言葉だけだとわかりづらいので、具体例を見てみましょう。
| テキストID | テキスト |
|---|---|
| 1 | I am good |
| 2 | She is good |
| 3 | He is bad |
という3つの文書に転置インデックスを作成すると、
| トークン | ポスティングリスト |
|---|---|
| good | 1, 2 |
| is | 2, 3 |
| I | 1 |
| am | 1 |
| She | 2 |
| He | 3 |
| bad | 3 |
のようになります。
例えば、good は テキストID 1にも2にも含まれるので、goodのポスティングリストは1, 2となります。
ここで、is goodを検索キーワードとしてテキスト検索する場合、
isのポスティングリストと、goodのポスティングリストの両方に含まれるテキストID(つまり2)が検索結果として出力されます。

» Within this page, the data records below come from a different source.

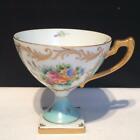 ONE RARE BEAUTIFULLY HAND PAINTED FLORAL PEDESTAL CUP CS32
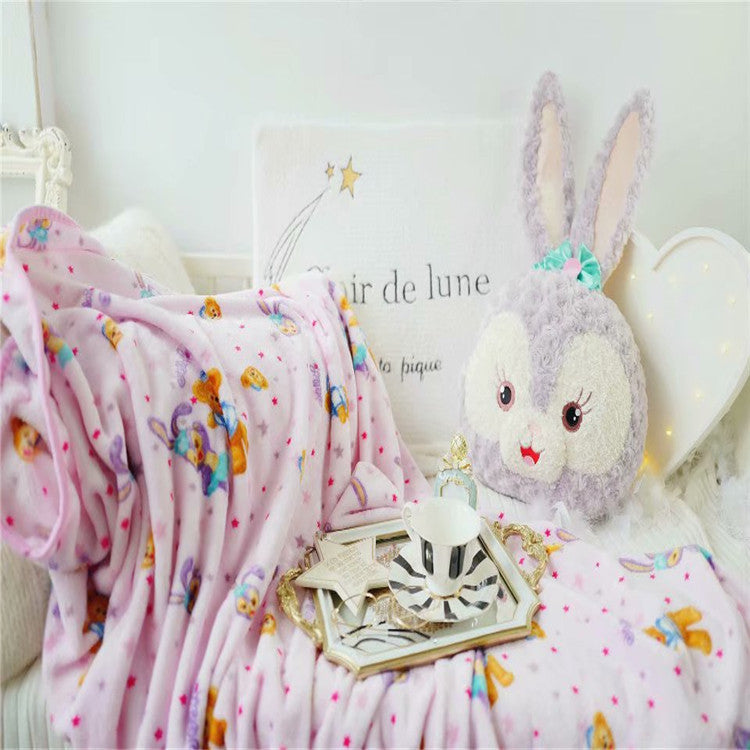 Cartoon ballet bunny doll huddle pillow blanket 2-in-1 flannel children's air-conditioned blanket office nap blanket quilt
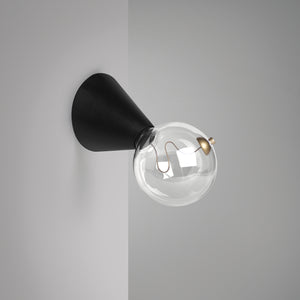 Applique con lampadina innovativa di colore nero e oro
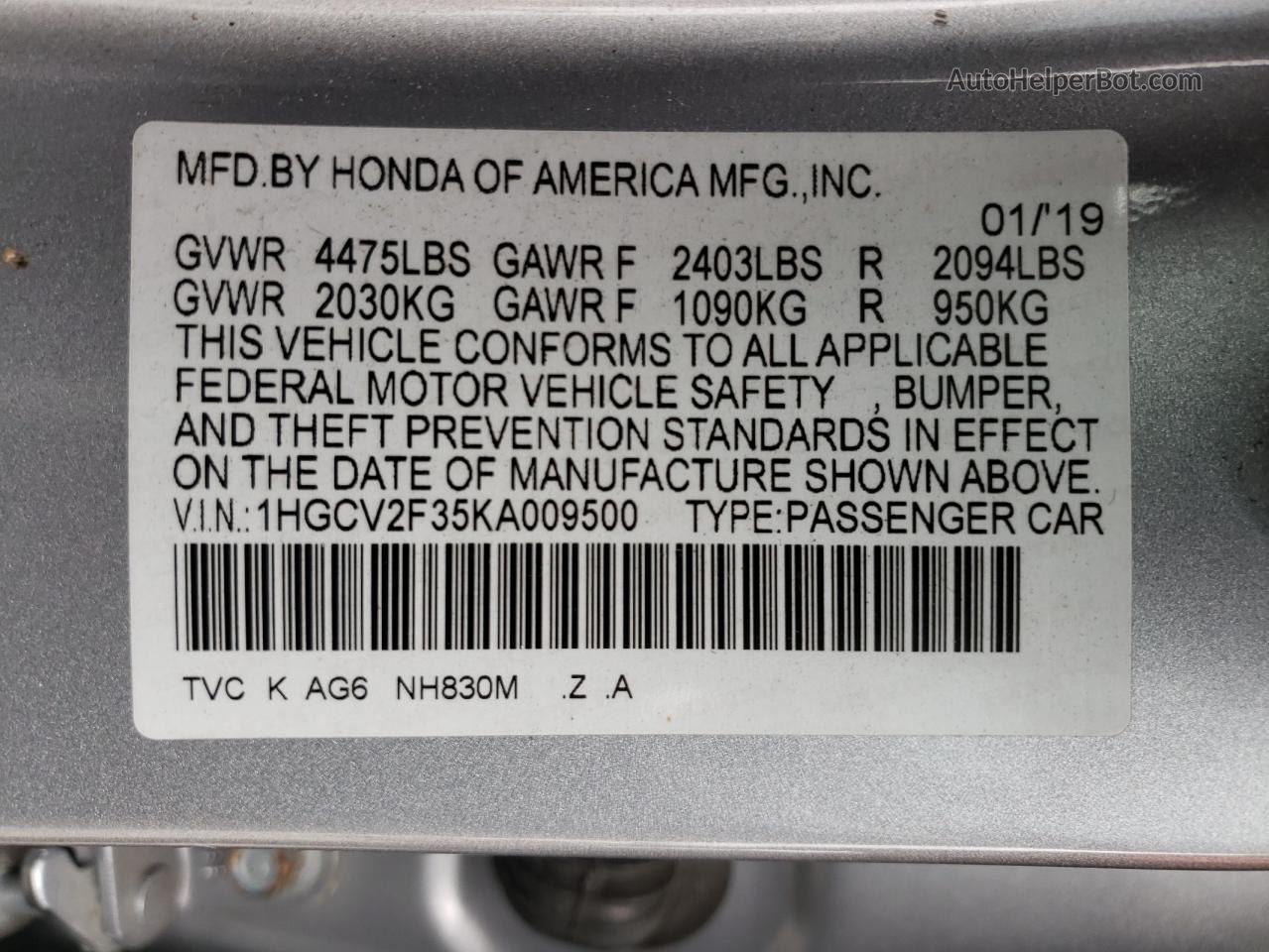 2019 Honda Accord Sport Silver vin: 1HGCV2F35KA009500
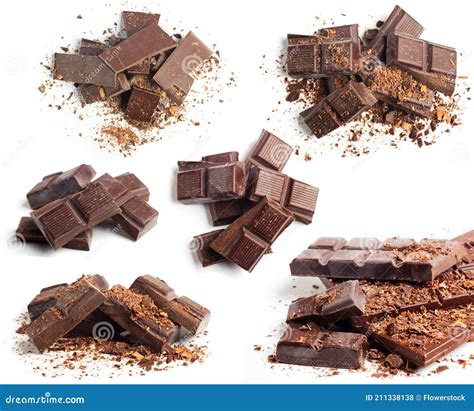 Trozos De Chocolate Como Alimento Dulce Conjunto De Tabletas De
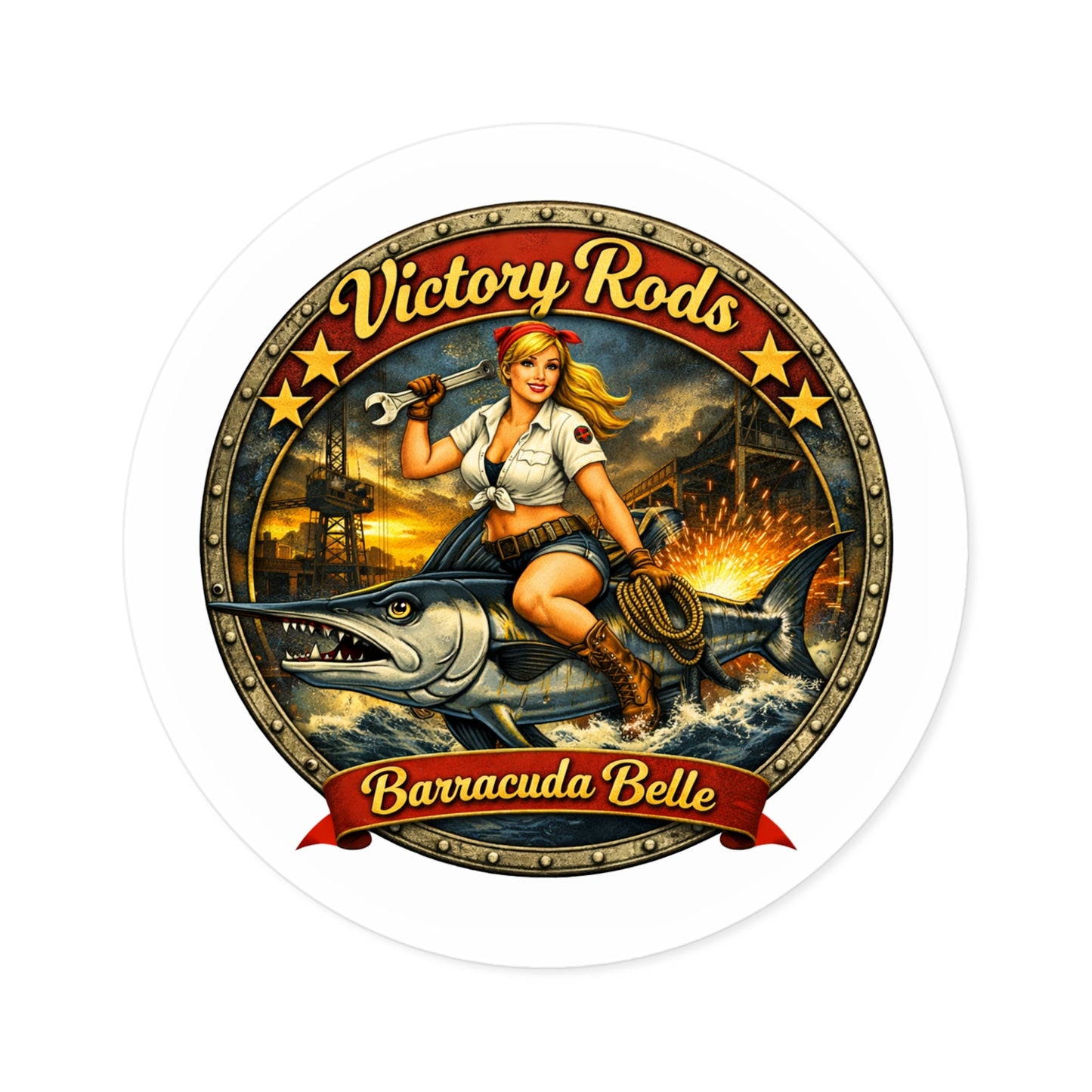 Barracuda Belle Round Sticker — Vintage Pin-Up Fishing Logo (Indoor/Outdoor)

このように、転置インデックスを利用することで、テキスト検索時にテーブルのフルスキャンをすることなく高速に検索結果を返すことができるようになります。
また、ポスティングリストに
| トークン | ポスティングリスト |
|---|---|
| good | 1:3, 2:4 |
のように、テキスト内にそのトークンが出現した頻度(1:3はテキストID1 にはgoodが3回出現したの意味)も格納することで、類似度計算をすることも可能となります。
HottyDBで転置インデックスを作るには?
記事テーブルarticleのtitleフィールドにs1という名前の転置インデックスを作成する場合、HottyDBでは下記のようなSQLコマンドを実行します。

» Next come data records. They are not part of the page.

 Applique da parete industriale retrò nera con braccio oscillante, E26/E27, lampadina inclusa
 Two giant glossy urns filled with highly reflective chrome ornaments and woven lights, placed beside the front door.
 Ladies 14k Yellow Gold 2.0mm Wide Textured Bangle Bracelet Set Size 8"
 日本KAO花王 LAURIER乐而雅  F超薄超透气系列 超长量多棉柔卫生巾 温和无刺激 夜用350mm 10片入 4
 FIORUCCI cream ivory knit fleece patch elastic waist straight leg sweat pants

CREATE SEARCH INDEX s1 ON article (title)
HottyDBで転置インデックスを利用した全文検索を実行する
転置インデックスを作成したら、SELECT文で転置インデックスを利用したテキスト検索を実行することが可能です。
例えば、titleに機械学習という文字列を含む記事をテキスト検索する場合、下記のようなSELECT文になります。
SELECT id, title, _similarity
FROM SEARCH(article, title, '機械学習')
ORDER BY _similarity DESC
FROM句の後にあるSEARCHメソッドに注目してください。
SEARCH(テーブル名, フィールド名, 検索キーワード) とすることで、転置インデックスを利用した検索結果を返すことができます。
このSEARCHメソッドの出力は、通常のテーブルと同じように扱うことができるのです!(他テーブルとJOINすることも可能だし、GROUP BYなどで集約することも可能!)
またここで、_similarityという見慣れないフィールドが突然出てきました。
これは、SEARCHメソッドが自動的に追加するフィールドです。
_similarityは検索キーワードと該当レコードとの類似度を表すスコアになっています。
ORDER BY _similarity DESC とすることで、類似度の高い順に検索結果を並べることが可能です。
単純な全文検索の問題点
転置インデックスを利用したテキスト検索では、フルスキャンを回避することができ、類似度計算もできるようになりました。
しかし、単純に類似度順に検索結果を並べることは必ずしも最適なランキングとは言えません。例えば、articleテーブルの例では類似度だけでなく、いいね数likes_countも考慮に入れたランキングにしたくなりますが、単純な方法ではそれができません。
高度な検索システムでは、検索結果のランキングを類似度以外の指標も組み合わせて機械学習によりランキングを最適化しています。
次の節では、機械学習を用いて検索結果のランキングを最適化する方法を解説します。
2. 機械学習による検索結果のランキング改善(AI検索)
検索結果のランキングを機械学習により最適化することを 機械学習ランキング(MLR) やランキング学習と呼びます。
HottyDB でこの機械学習ランキング(MLR)をする場合、以下の4つの手順を実行する必要があります。少し手順が多いですが、通常の機械学習システムの学習パイプラインを構築する手間と比べればとても簡単です。
- (準備1)MLRテンプレートの作成
- (準備2)MLRモデルの作成
- (推論)機械学習ランキングの推論(並び替え)
- (学習)機械学習ランキングの学習
もちろん準備の手順は初回に一度実行すればよく、通常時は推論と学習を繰り返し実行するだけです。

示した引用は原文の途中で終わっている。